# Teen jumps from ambulance, dies



## bstone (Mar 1, 2010)

> Greenville County coroner Mike Ellis told News 4 that Ryan Emory, 16, was restrained on a gurney in the back of an ambulance when he loosened his restraints, got past the EMT with him, opened the door and jumped out the moving vehicle. He landed in the road, tumbled several times and went into cardiac arrest, Ellis said.



http://www.wyff4.com/news/22700850/detail.html?hpt=T2


I doubt they had on 4 point restraints. Most likely just the seatbelts on the cot.


----------



## FLEMTP (Mar 1, 2010)

Im curious how the EMT or medic missed this going on...?  

I'd also like to know more of the circumstances surrounding the reason for transport.. whether it was a psych patient, or just some kid who didnt want to go to the ER... either way, IMHO the EMT or Medic in back was negligent... and breached their duty to act... but that is based on the facts at hand as of right now.
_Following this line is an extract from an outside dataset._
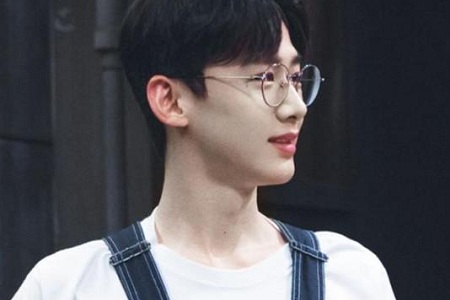 注孤生白敬亭新手机上热搜,爱鞋如命小白解锁新身份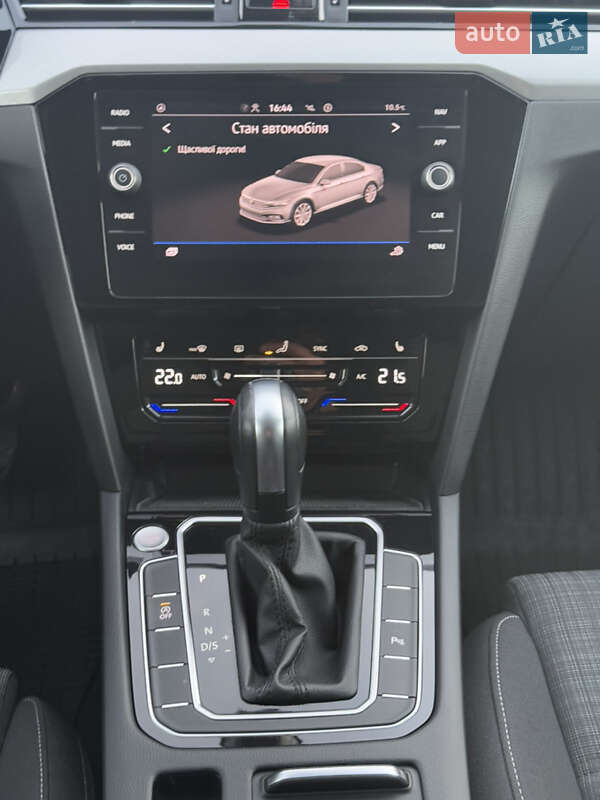 Седан Volkswagen Passat 2022 в Луцке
That opinion may change should more information come to light


----------



## reaper (Mar 1, 2010)

Lets see. This was a Psych transport. The teen was rather large for his age. Maybe the EMT was not able to control him. Four points do not keep anyone on a stretcher.

The fault here lies with the Dr that sent this transport, with no sedation, for and 1.5 hour trip!


----------



## EMSLaw (Mar 1, 2010)

reaper said:


> Lets see. This was a Psych transport. The teen was rather large for his age. Maybe the EMT was not able to control him. Four points do not keep anyone on a stretcher.
> 
> The fault here lies with the Dr that sent this transport, with no sedation, for and 1.5 hour trip!



Not sure where the blame lies, but an EMT in the back of an ambulance is not exactly well-positioned to stop a patient from jumping out the back of the rig.  For one thing, people don't usually want to jump out the back of a moving ambulance, so it's not the sort of thing the designers planned to stop!  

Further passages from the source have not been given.